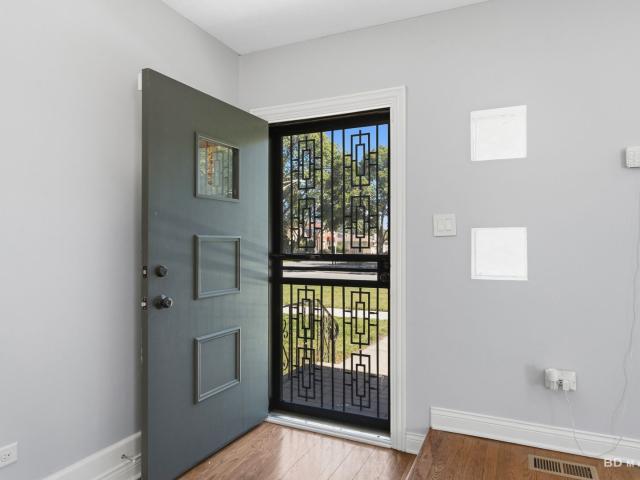 8504 S Calumet Avenue, Chicago, US, IL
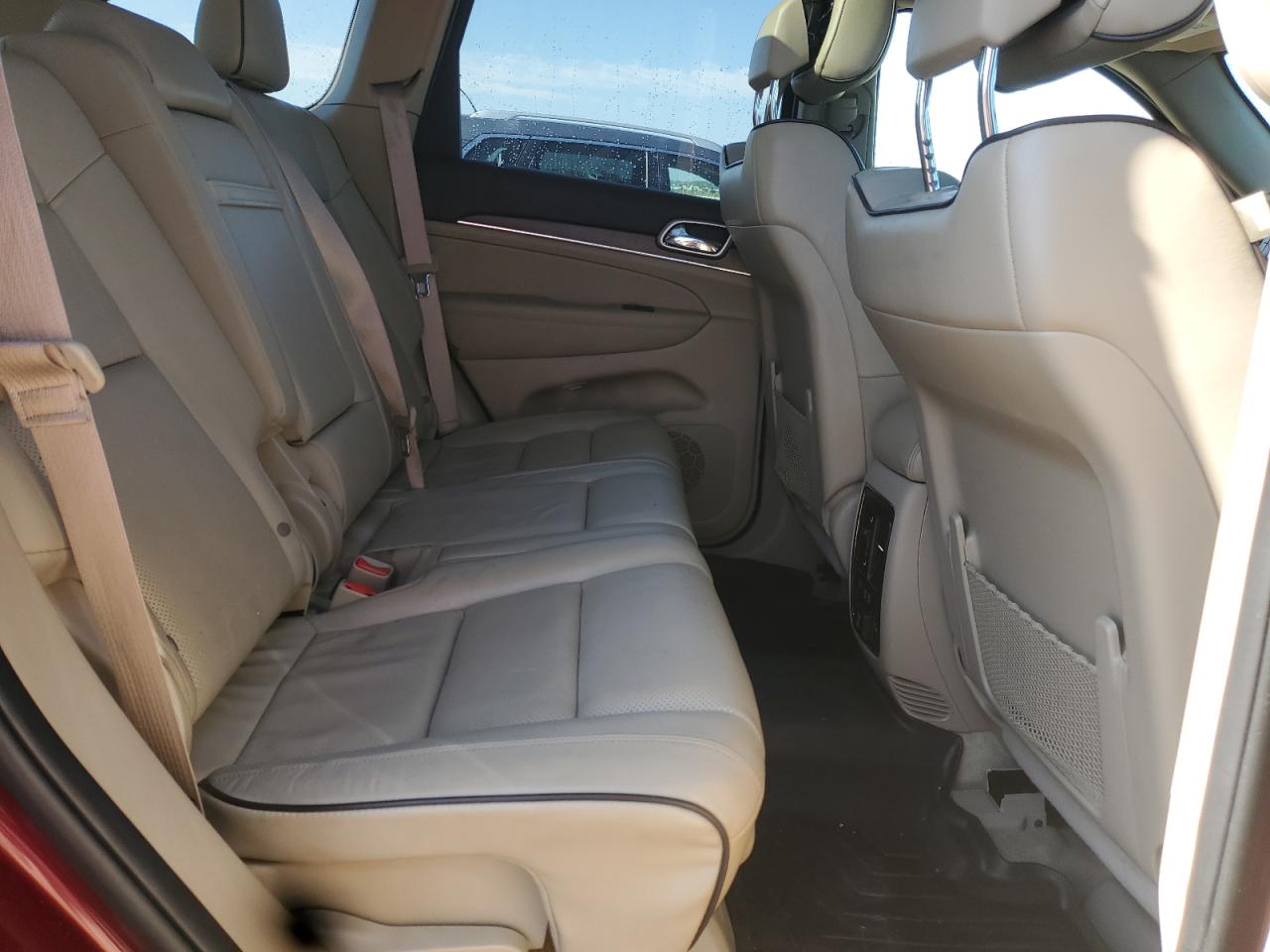 2018 Jeep Grand Cherokee Overland VIN: 1C4RJFCG8JC108074 Lot: 70324275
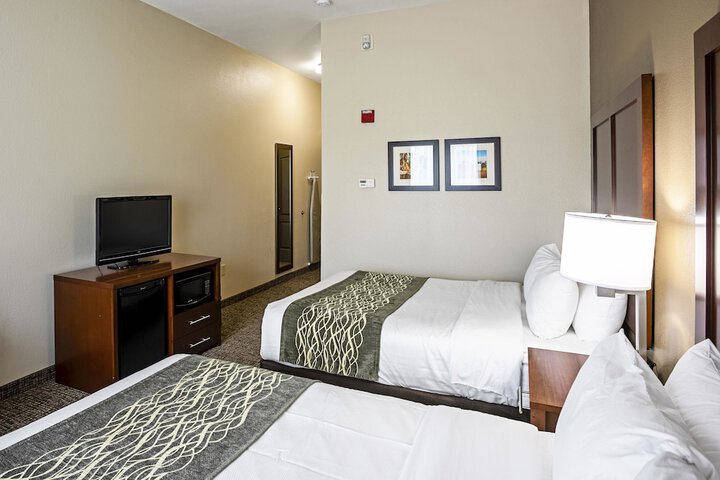 Room 26 of 33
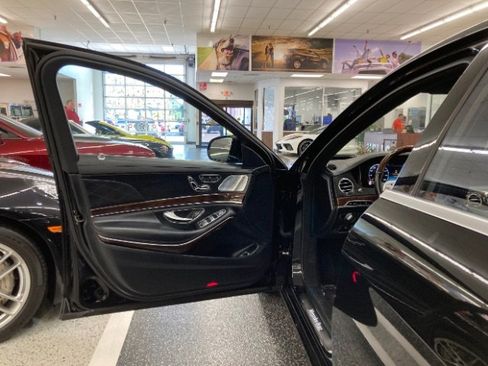 Used 2018 Mercedes-Benz S 560 4MATIC Sedan image 35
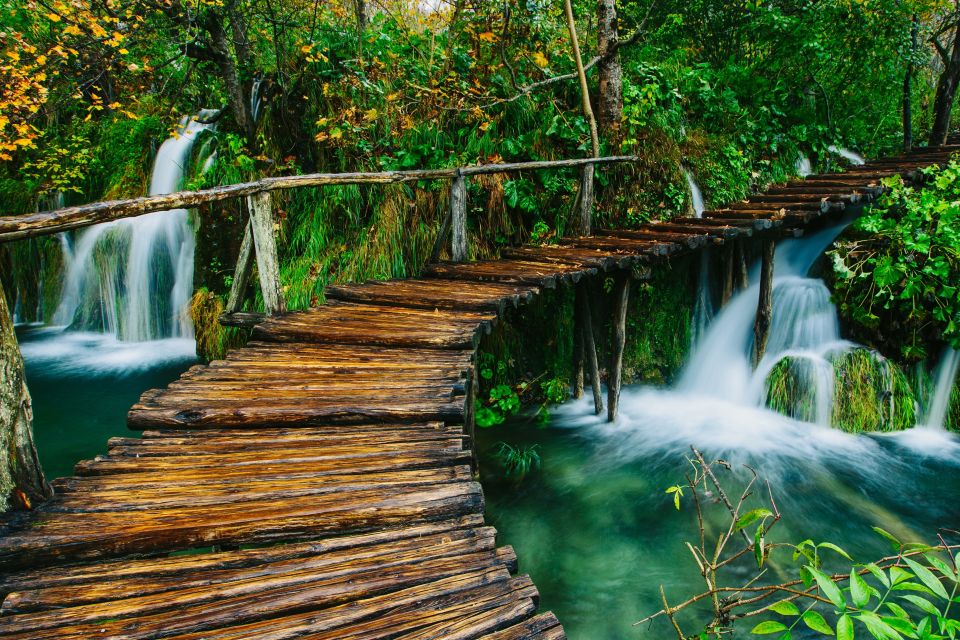 Split: Transfer to Zagreb with Plitvice Lakes Entry Tickets - Why this Split–Zagreb transfer makes sense with Plitvice in the middle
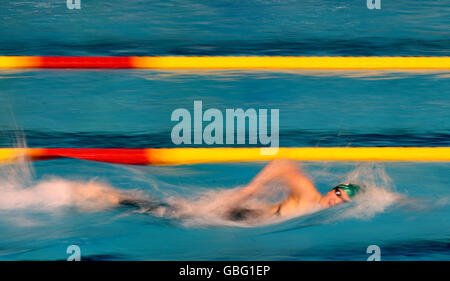 Rebecca Adlington sulla sua strada per la vittoria nel Freestyle aperto delle Donne 800m durante i campionati britannici di nuoto a Ponds Forge, Sheffield. Foto Stock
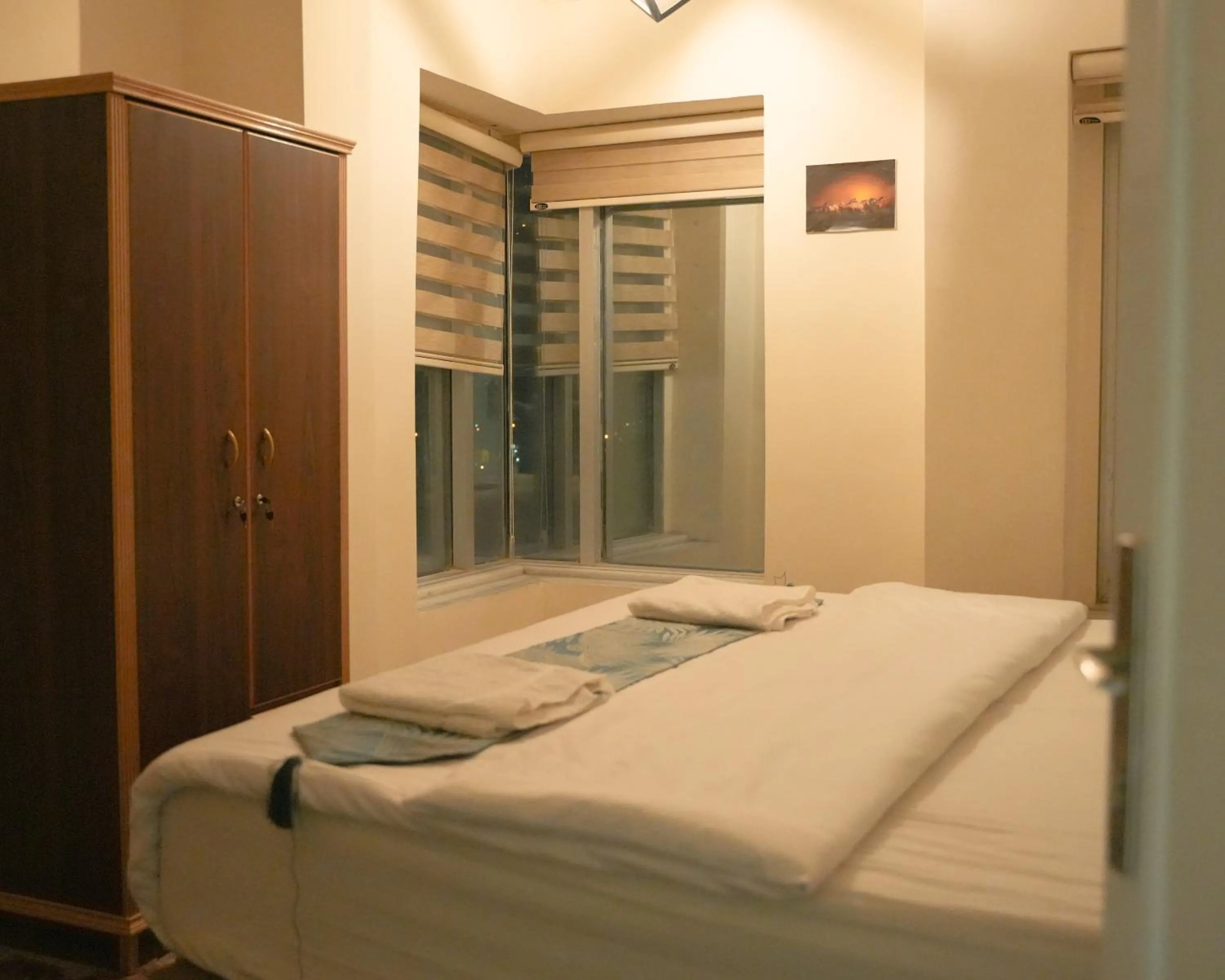 Bed in Raqeem Hotel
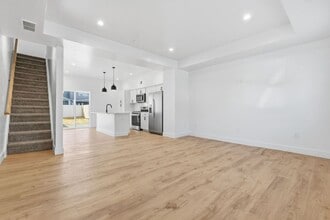 Building Photo - New Renovation - Sharpsburg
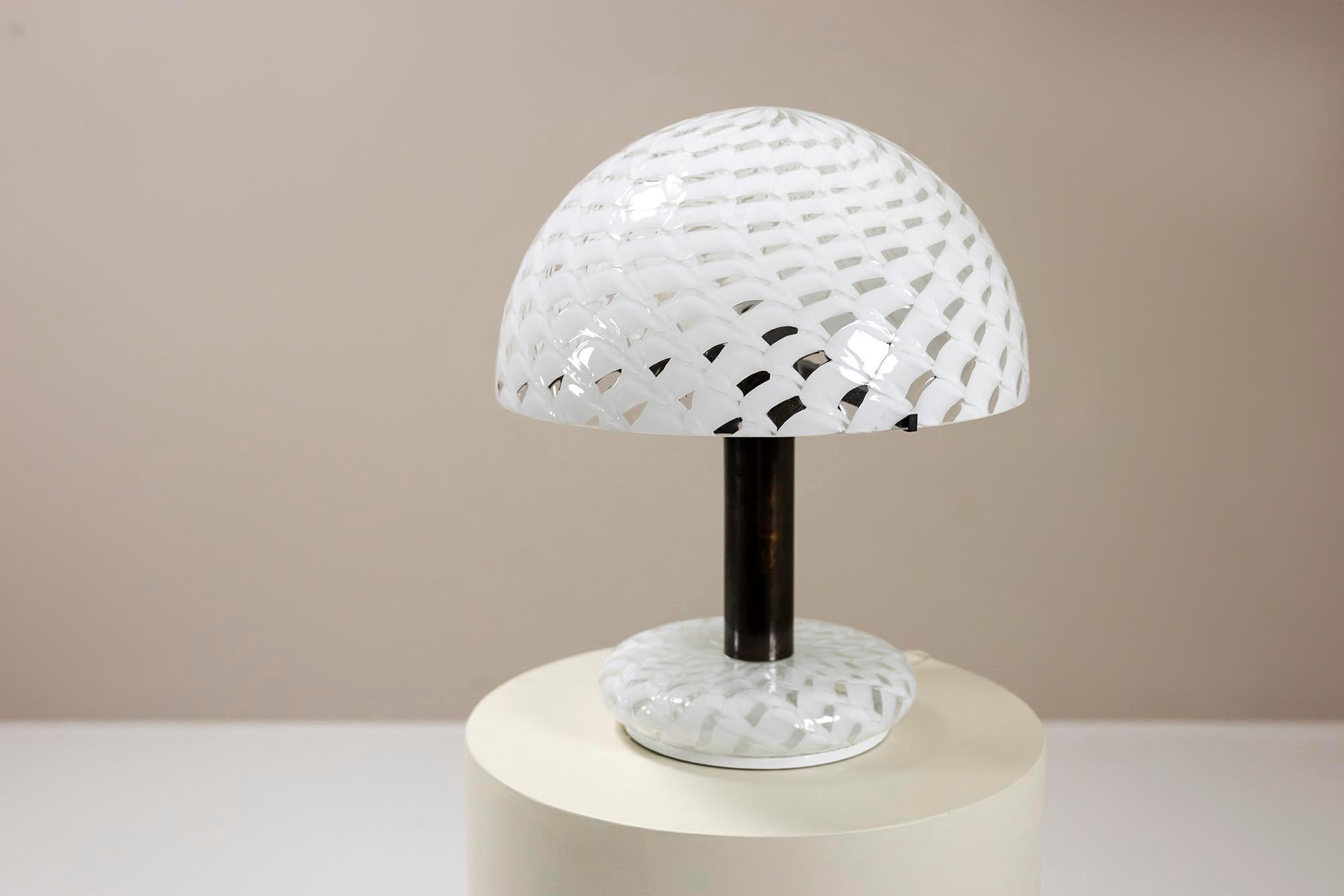 Lámpara de sobremesa LT 354 de Murano por Carlo Nason para AV Mazzega, Italia Años 70 Moderno de mediados de siglo en venta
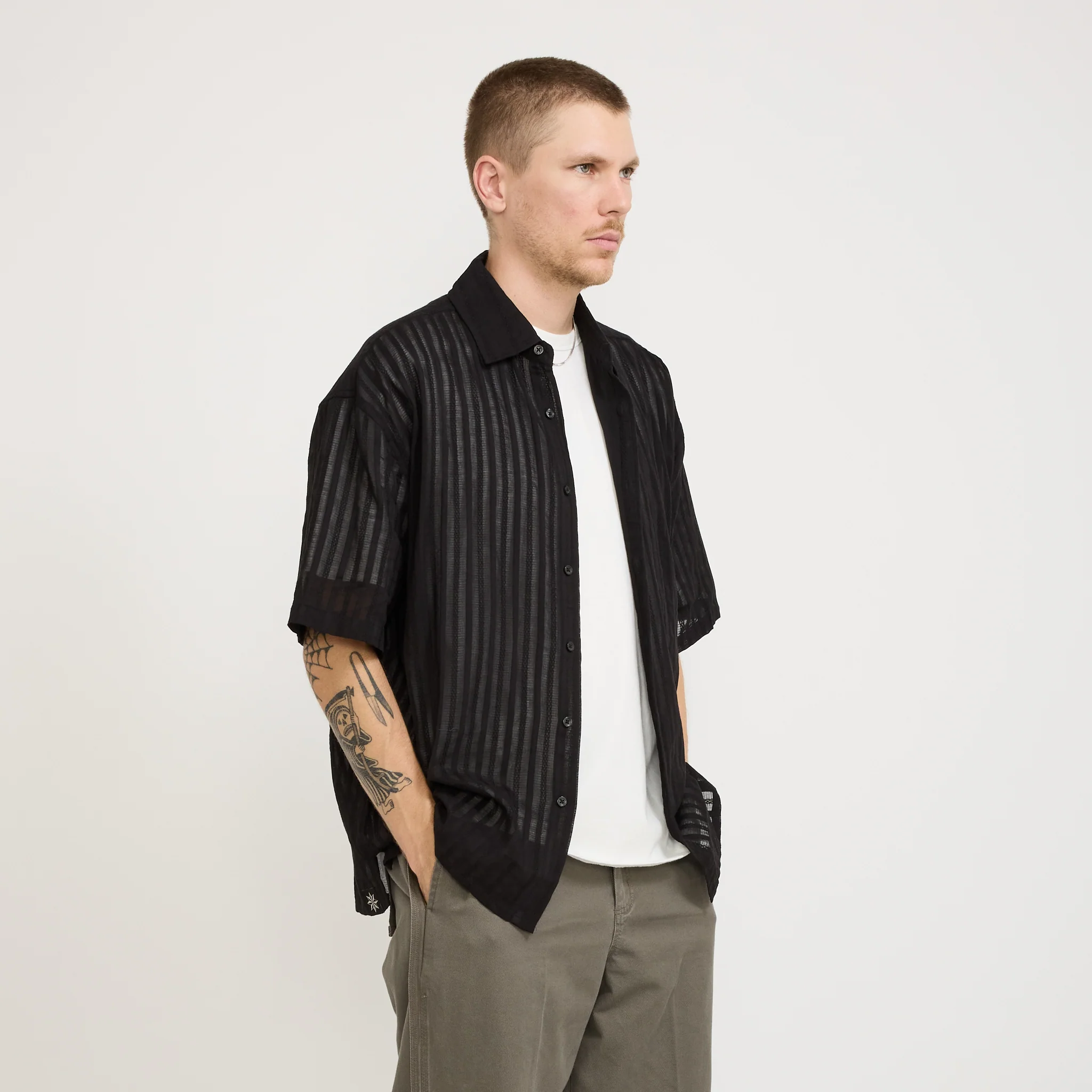 Boxy SS Shirt Sheer Black - Image 3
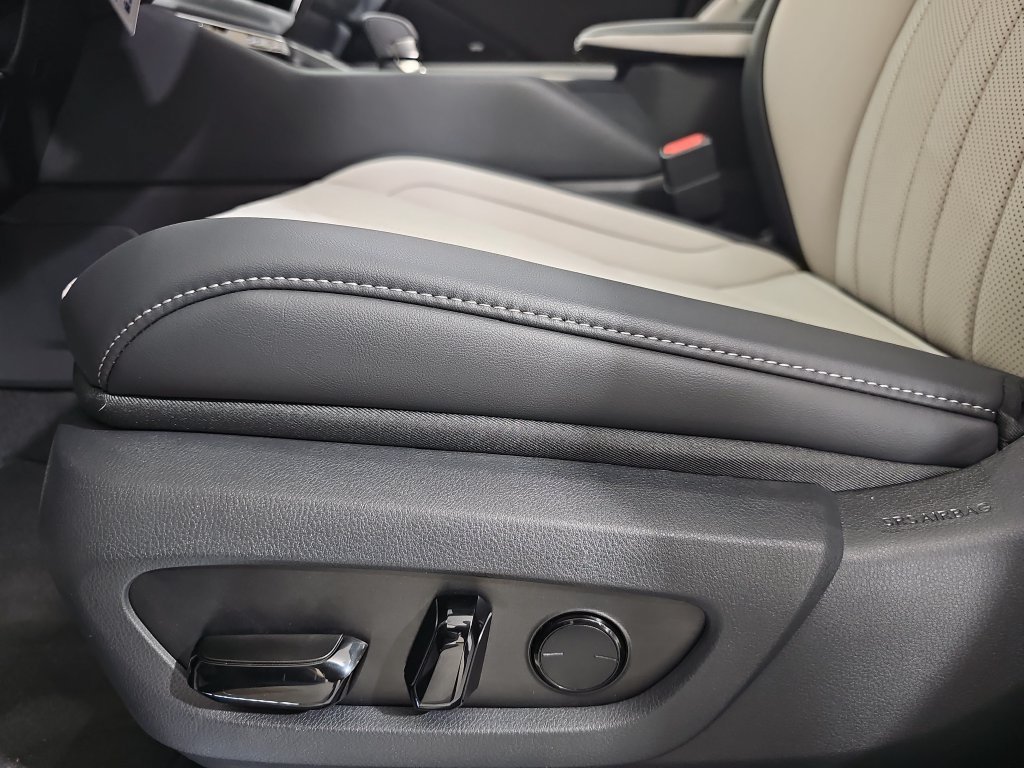 New 2026 Lexus TX 500h AWD image 28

───

* Task requirements *
Repeat the lines exactly, starting with the line that contains "Building Photo - New Renovation - Sharpsburg" and ending with the last line of the entries. Keep both of those lines but no pictures.

* Solution for this task *
 Building Photo - New Renovation - Sharpsburg
 Lámpara de sobremesa LT 354 de Murano por Carlo Nason para AV Mazzega, Italia Años 70 Moderno de mediados de siglo en venta
 Boxy SS Shirt Sheer Black - Image 3
 New 2026 Lexus TX 500h AWD image 28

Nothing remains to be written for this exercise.